Por isso, tenho uma opinião adversa da do famigerado jornalista e apresentador. Acredito que a canção de Raul Seixas que descreve com maior precisão a situação atual seja “Eu sou egoísta”.

Ela conta a história de uma pessoa que não se importa com os problemas dos outros, fazendo justamente o oposto dos alheios. “Se você acha que tem pouca sorte/ Se lhe preocupa a doença ou a morte/ Se você sente receio do inferno/ Do fogo eterno, de deus, do mal/ Eu sou estrela no abismo do espaço/ O que eu quero é o que eu penso e o que eu faço/ Onde eu tô não há bicho-papão”.

Esta passagem lembra claramente a maneira como Bolsonaro trata a pandemia de Covid-19. Enquanto todos estão preocupados com a doença e a morte, ele trata o vírus como uma gripezinha, em alguns casos se mostra como “machão", afirmando que os que têm receio da morte pelo coronavírus são um bando de maricas. O presidente trata o vírus como uma ilusão, um bicho-papão.

Quando o roqueiro baiano diz “O que eu como a prato pleno/ Bem pode ser o seu veneno”, nos faz pensar nas atitudes de Bolsonaro, que brinca, vai à praia, lanchonetes, tudo em meio à pandemia. Essas ações são justamente o que disseminam o vírus. O que ele faz com prazer, é nocivo para a população.

Bolsonaro nos lembra o personagem fictício criado por Raul Seixas, em uma lógica que o filósofo esloveno Slavoj Zizek salientou sobre o slogan de um filme que o marcou no período em que estava escrevendo sua obra-prima, A visão em paralaxe: “É tão real que só pode ser ficção”.[1]

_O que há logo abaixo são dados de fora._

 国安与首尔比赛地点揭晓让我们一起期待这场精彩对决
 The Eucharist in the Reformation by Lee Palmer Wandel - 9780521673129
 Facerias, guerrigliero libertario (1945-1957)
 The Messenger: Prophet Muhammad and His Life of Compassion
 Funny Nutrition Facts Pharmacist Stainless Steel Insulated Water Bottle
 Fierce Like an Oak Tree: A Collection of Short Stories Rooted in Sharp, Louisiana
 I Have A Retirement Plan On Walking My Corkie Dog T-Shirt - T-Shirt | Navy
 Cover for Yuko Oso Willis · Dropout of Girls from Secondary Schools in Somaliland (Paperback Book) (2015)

Mas nos últimos versos, o compositor destaca um elemento muito importante que caracteriza o seu personagem: “Se você acha que o que eu digo é fascista/ mista, simplista ou antissocialista/ Eu admito você tá na pista/ Eu sou egoísta”.

O egoísmo é uma das características do nazismo, assim como do capitalismo. Isso é necessário, já que a solidariedade e o espírito de camaradagem é uma das ideologias mais fortes no modelo econômico e social que se opõe radicalmente à dominação burguesa: o socialismo.

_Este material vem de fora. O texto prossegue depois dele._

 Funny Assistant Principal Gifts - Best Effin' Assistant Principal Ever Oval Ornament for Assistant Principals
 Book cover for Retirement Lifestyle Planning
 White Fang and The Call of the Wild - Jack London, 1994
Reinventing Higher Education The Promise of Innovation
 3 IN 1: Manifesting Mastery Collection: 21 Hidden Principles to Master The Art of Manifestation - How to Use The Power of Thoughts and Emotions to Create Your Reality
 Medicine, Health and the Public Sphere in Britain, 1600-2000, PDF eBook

O historiador alemão Jean Gaudefroy-Demombynes afirma que Nietzsche, na solidão do retorno à natureza de Zaratustra, serviu de inspiração para o hitlerismo.

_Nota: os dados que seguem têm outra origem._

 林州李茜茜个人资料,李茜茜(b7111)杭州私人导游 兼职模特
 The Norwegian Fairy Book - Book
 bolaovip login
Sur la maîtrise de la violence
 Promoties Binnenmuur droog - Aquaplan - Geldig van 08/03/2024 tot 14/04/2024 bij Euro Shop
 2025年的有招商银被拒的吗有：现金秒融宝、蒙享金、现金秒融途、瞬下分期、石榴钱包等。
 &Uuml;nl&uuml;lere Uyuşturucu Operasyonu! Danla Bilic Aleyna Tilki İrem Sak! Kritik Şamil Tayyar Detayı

“Nietzsche? Sim, o grande profeta moderno da natureza – Virtude indispensável para quem quer subir montanhas. Nada de piedade! A vida é o triunfo do mais forte – teoria darwiniana que conduz ao princípio famoso: a força sobre o direito. – Esta é uma das teorias familiares de Nietzsche e de Hitler”.

De acordo com o historiador alemão, Hitler buscava aliciar as massas, “criar na gente uma moral para uso particular e impor a todos o seu egoísmo!”[2]

O egoísmo é fascista. Se não podemos dizer que Bolsonaro é fascista, temos indícios de estreitas relações de homens do seu governo com movimentos fascistas e supremacistas. O fato de o presidente não se importar, por um longo tempo, com a vacina, provocar aglomerações e ser contrário ao uso de máscaras, revela seu caráter egoísta, o qual quer impor a todos.

Portanto, estamos convivendo com o egoísmo fascista que se difunde entre os apoiadores de Bolsonaro e com o “cálculo egoísta” da burguesia que transformou tudo em mercadoria, “fez da dignidade pessoal simples valor de troca", como explicam Marx e Engels no Manifesto Comunista.

Empresários fazem protestos contra medidas restritivas, eleitores de Bolsonaro (pelo menos a classe média que tem condições de fazer o isolamento) colocam-se contrários a tais medidas porque seguem cegamente o que o mestre mandou. Somam-se os egoístas a imagem do líder. Enquanto isso, o vírus circula ampliando o número de vítimas.

**Este artigo não reflete, necessariamente, a opinião da Revista Fórum.


[1] Zizek, Slavoj. A visão em paralaxe. São Paulo, Boitempo, 2011, p. 49.